Au Louvre, les œuvres sont accrochées depuis des siècles mais l’actualité, elle, se renouvelle presque chaque jour. Et durant la semaine du 3 au 10 mars 2026, entre politique culturelle, dîner mondain et performance militante, le musée le plus célèbre du monde s’est transformé en musée des curiosités contemporaines. Quelques brèves indiscrètes.
Le miracle du certificat médical
Incroyable ! Le 3 mars, à l’Assemblée nationale, la commission des affaires culturelles attendait l’ancienne patronne du Musée du Louvre. Deuxième convocation. La première avait déjà mystérieusement disparu dans les limbes administratives.
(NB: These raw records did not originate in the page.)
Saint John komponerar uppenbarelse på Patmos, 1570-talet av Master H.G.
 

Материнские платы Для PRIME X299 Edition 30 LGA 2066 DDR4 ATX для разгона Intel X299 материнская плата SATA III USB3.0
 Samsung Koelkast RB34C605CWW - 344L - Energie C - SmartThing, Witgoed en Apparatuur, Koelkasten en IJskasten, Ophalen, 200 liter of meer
À 18 heures, sa chaise reste vide.
Le président de la commission d’enquête, le député LR Alexandre Portier, annonce alors, très officiellement, que l’intéressée a fait parvenir… un certificat médical dans l’après-midi. La santé avant tout ! Quelques heures plus tard pourtant, la patiente apparaît maquillée, en pleine forme, au journal de 20 heures de France 2, face à Léa Salamé.
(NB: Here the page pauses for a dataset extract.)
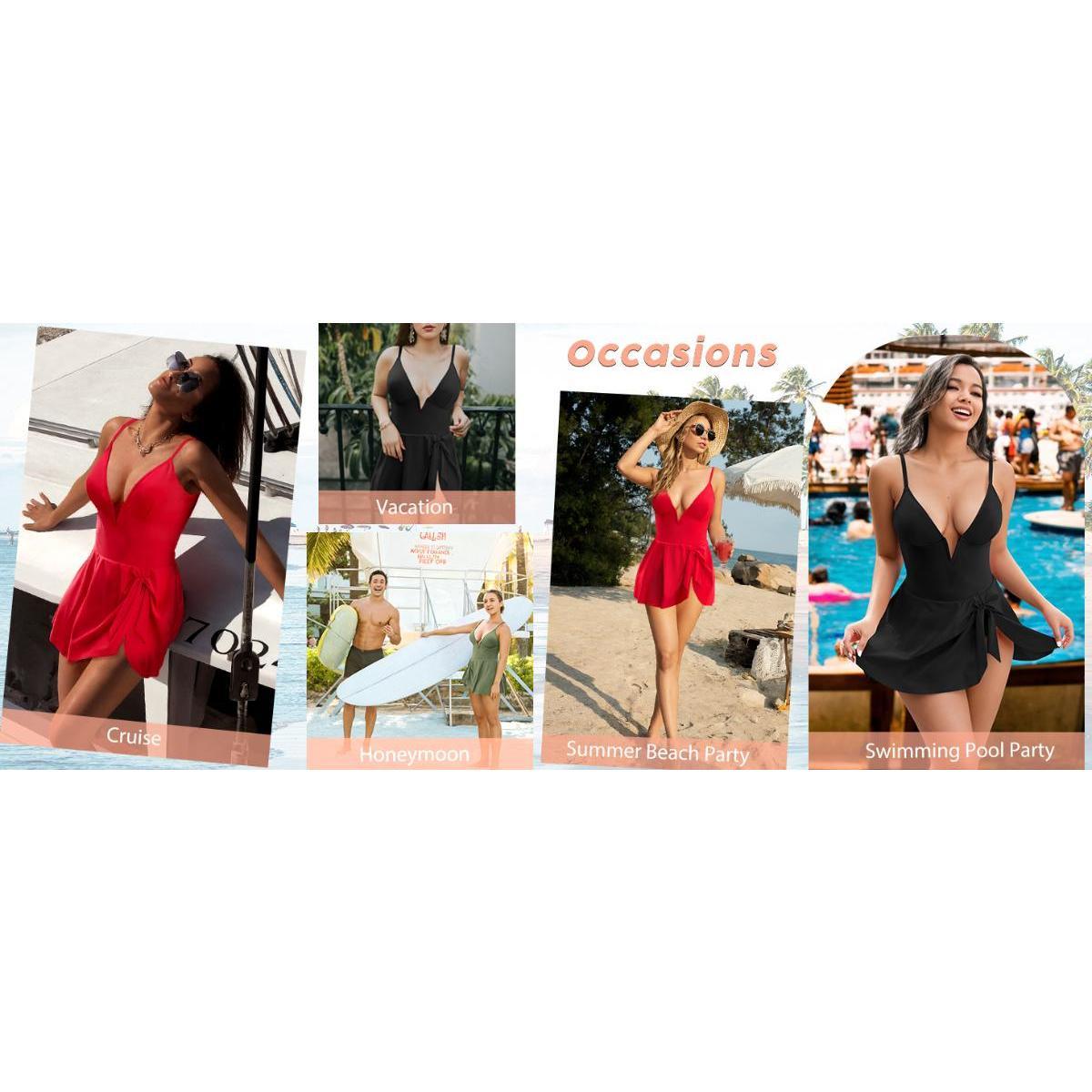 Joyshaper Swim Dress for Women One Piece Skirted Swimsuit Tummy Control Bathing Suits Swimdress Sexy Swimwear Joyshaper Swim Dress for Women One Piece Skirted Swimsuit Tummy Control Bathing Suits Swimdress Sexy Swimwear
La médecine française est décidément admirable : elle permet de se remettre d’une audition parlementaire escamotée en moins de trois heures. Dans l’hémicycle, le député Alexis Corbière, rapporteur de la commission, voit rouge. Une couleur pour lui et ses amis pourtant familière.
« C’est une fuite en avant pour ne pas répondre aux questions des députés. Quand on a la conscience tranquille et qu’on pense avoir bien fait son travail, on n’a pas de difficultés en principe à en rendre compte », a estimé Alexandre Portier auprès de l’AFP.
Certes.
Le Louvre en habit de soirée
Le même soir, pendant que certains députés s’énervent, le champagne coule sous à flot sous la pyramide. C’est le deuxième Grand Dîner du Louvre, organisé pour la Paris Fashion Week.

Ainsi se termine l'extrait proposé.